Remdesivir, an antiviral treatment for COVID-19, was also initially available in very limited quantities. The Utah Department of Health is using its process for distributing that drug — which was based in part on patients’ symptoms — as a template for the antibody therapy. The health department is now convening its scarce resources committee to work through the bamlanivimab issues. The Connecticut Department of Public Health is also using a similar system to the one it used for remdesivir, which allocated the drug to different hospitals based on the types of patients it was treating and the clinical expertise of the doctors working there, a spokesperson told The Verge

However, bamlanivimab is more complicated than remdesivir, both health departments noted. The drug is for people who aren’t yet sick enough to be hospitalized. “The idea behind it is that it’ll be for patients who are early in the course of the disease, and are at a very high risk of needing to be hospitalized,” Ranney says, for example, older patients. But it has to be given to those patients within 10 days of when their symptoms start — so they have to get tested and get their results back before those 10 days are up.

Timing, then, is everything.
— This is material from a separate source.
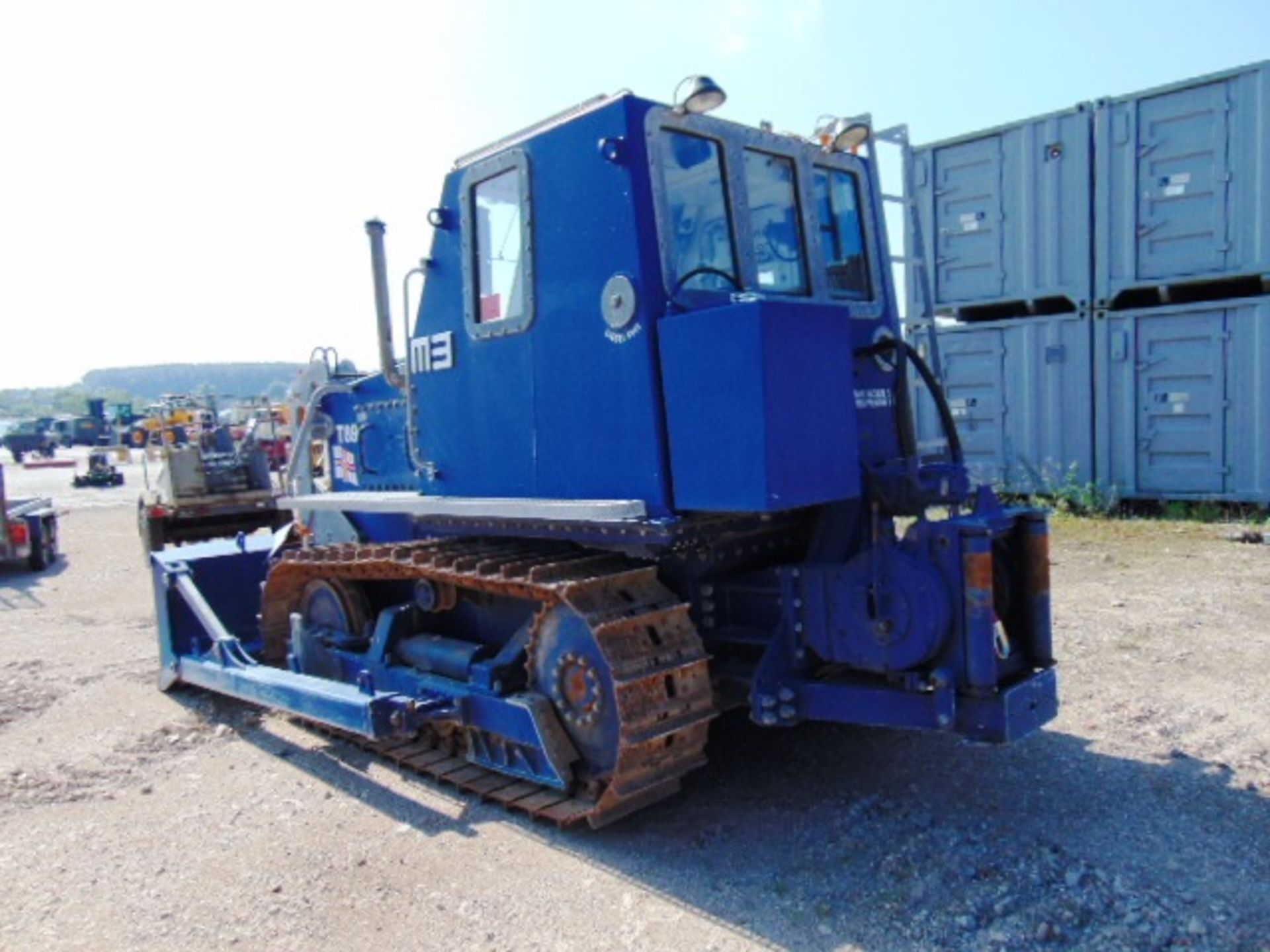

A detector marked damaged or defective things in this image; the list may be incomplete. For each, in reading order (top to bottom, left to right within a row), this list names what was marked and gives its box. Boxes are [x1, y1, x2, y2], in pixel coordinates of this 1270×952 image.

Right now, testing often doesn’t happen fast enough to catch people in that window, Ranney says. 

In addition, even if a high-risk patient tests positive in enough time to get the antibody treatment, there’s a good chance that there might not be a dose available for them. By the time another batch comes in, 10 days could have already passed since they started having symptoms, Gellad says. “By the time you get to the next week, you’re out of the window when you could benefit,” he says. “I assume that’s going to happen to a lot of people.” 

Figuring out where to give eligible patients the treatment is another challenge

Figuring out where to give eligible patients the treatment is another challenge. Bamlanivimab is delivered in an hour-long infusion, and many sites where IV treatments are given aren’t easy to set up for COVID-19 patients. They’re usually used for things like chemotherapy or other immunosuppressive drugs, and they treat people who are especially vulnerable to the coronavirus. “You can’t just send COVID-19 patients to the same places people are getting chemo,” Gellad says. 

Eli Lilly and the other pharmaceutical companies developing antibody treatments are working to scale up production of the drugs. Eli Lilly said it aims to produce 1 million doses this year. Some of the other challenges — identifying patients who will benefit most from the drug, figuring out where the best places are to give infusions — are solvable, Gellad says. But health systems may not have the bandwidth to solve them at the same time that they’re fighting an overwhelming surge of COVID-19 cases. “The question is, are they solved now?” he says. “Or, when the current wave is over, and most of the people that could benefit have already gotten COVID-19?”